== Segment start ==

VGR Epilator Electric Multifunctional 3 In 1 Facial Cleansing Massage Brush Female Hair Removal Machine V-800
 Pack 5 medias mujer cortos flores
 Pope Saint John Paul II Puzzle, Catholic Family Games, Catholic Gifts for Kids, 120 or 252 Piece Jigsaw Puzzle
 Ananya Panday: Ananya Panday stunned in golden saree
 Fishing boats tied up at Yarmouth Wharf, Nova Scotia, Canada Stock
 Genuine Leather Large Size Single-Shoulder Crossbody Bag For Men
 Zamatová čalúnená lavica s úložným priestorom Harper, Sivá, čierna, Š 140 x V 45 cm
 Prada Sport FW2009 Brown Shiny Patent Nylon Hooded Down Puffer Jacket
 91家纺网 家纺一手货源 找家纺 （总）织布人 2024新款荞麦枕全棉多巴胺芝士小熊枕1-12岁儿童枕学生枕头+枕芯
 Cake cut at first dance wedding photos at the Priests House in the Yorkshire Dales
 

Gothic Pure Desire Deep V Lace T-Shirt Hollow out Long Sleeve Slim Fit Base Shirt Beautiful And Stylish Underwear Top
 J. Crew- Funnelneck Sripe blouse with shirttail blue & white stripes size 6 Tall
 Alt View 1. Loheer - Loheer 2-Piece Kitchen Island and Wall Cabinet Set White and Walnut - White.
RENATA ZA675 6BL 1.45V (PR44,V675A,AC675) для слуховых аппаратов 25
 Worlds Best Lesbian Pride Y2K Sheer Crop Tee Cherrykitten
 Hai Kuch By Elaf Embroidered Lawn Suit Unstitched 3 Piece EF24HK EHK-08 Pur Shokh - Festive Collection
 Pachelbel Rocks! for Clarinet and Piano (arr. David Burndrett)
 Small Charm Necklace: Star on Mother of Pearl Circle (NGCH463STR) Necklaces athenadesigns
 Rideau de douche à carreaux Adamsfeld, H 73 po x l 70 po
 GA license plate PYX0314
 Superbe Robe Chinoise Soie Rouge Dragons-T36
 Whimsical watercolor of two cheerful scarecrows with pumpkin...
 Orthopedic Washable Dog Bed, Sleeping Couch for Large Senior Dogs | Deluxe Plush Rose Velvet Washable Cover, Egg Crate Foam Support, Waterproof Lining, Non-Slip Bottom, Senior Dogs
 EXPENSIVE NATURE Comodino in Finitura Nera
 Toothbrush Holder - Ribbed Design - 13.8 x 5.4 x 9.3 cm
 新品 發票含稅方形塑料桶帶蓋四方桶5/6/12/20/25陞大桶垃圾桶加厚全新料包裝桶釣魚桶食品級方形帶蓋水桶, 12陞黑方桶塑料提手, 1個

== Segment end ==

> _YOUR OBJECTIVE_:
Copy the lines that hold the word "Large". Take them from the records above.

> _WORKED SOLUTION_:
 Genuine Leather Large Size Single-Shoulder Crossbody Bag For Men
 Orthopedic Washable Dog Bed, Sleeping Couch for Large Senior Dogs | Deluxe Plush Rose Velvet Washable Cover, Egg Crate Foam Support, Waterproof Lining, Non-Slip Bottom, Senior Dogs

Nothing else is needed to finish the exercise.